Politics, Aristotle wrote, is the master of the sciences because a city’s rulers determine what citizens study. Study, especially the sort practiced at universities, involves uncertainty and a suspension of final judgment. Study is blissfully free of decision. And politics involves terrifying decisions. The differences between study and politics should persuade Yale not to open a public policy school, which University President Peter Salovey is reportedly considering.
A public policy school tries to teach its students the science of how to amass political power. It does not teach them to govern in the service of one principle and against another. This seems strange given that politics cannot become, say, more conservative and more liberal at the same time. Politics — even moderate politics — is zero sum. This is always true, but is more urgent now that our political options are more extreme. Perhaps a devoted Bill Clinton LAW ’73 supporter and a devoted supporter of George H.W. Bush ’48 did not actually have to disagree on very much. But President Donald Trump’s America and Sen. Cory Booker’s America do not resemble one another — in demographics, policy, public morals and faith, culture and national mission. To endorse one seems to involve rejecting the other.
And so it is strange that a public policy school, which trains its students not just to endorse but also to effect their preferred political world, would not take a position on what constitutes the best political world. Perhaps the University’s commitment to intellectual pluralism would render such an endorsement improper. But absent such a position, the public policy school would aim simply for its own distinction, rather than the improvement of the country. If it restricts itself to imparting efficacious methods, prescinding from the moral questions intrinsic to politics, then its final goal must simply be that its graduates — not the graduates of Harvard’s John F. Kennedy Government School nor those of Princeton’s Woodrow Wilson School of Public and International Affairs — are the ones to hold office.
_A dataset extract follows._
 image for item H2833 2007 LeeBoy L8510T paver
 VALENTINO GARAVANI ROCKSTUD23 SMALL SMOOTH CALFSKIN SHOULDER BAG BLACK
Such a public policy school would seek distinction and honor for itself, but nothing more noble.
Just imposing the Yale name on the world or wagging our bulldoggish tail into history earns headlines and even donations. Achievement is either commendable or contemptible depending on whether it is virtuous or vicious. It would be irresponsible for Yale to equip its students to wield power unless it attempts a meaningful answer to the question of how to use it well.
It is not so simple for Yale to take a position because a principal discussion at any university concerns what it means to act well and to do good — in private life and in public life. It is not necessarily wrong to endorse a view in the public policy school that is just one controversial view in the Philosophy Department. All people, philosophers included, have to act in service of principles they endorse only reluctantly or tentatively. But the price of action — which we all pay — is to endorse a principle, and therefore to reject others. Total humility and liberality, two of the constitutive virtues of inquiry, exist in the purely contemplative mind and, to some degree, in the University as well. Those are the two homes of real freedom, in which inquiry needn’t be suspended or impaired by the vulgar necessities of life.
Political necessities are perhaps the most oppressive sort. Politicians respond to the diverse demands of coalitions, as well as the principles of their consciences. And principles, by the way, do not vote. So it is always easier to acquiesce to the majority, and to ignore the dissenter — or to name her an enemy. In inquiry, the dissenter is the indispensable participant. Politics loves orthodoxy and consensus: A sharp mind is faithful to the truth alone, friends be damned.
Yale sometimes has to participate in politics to defend its central principles. But to do any more is to offer answers to questions that the University’s central mission — honest and unceasing inquiry — says must always remain open questions. There is no need to invite such cognitive dissonance to a refuge of thought in a conflicted society.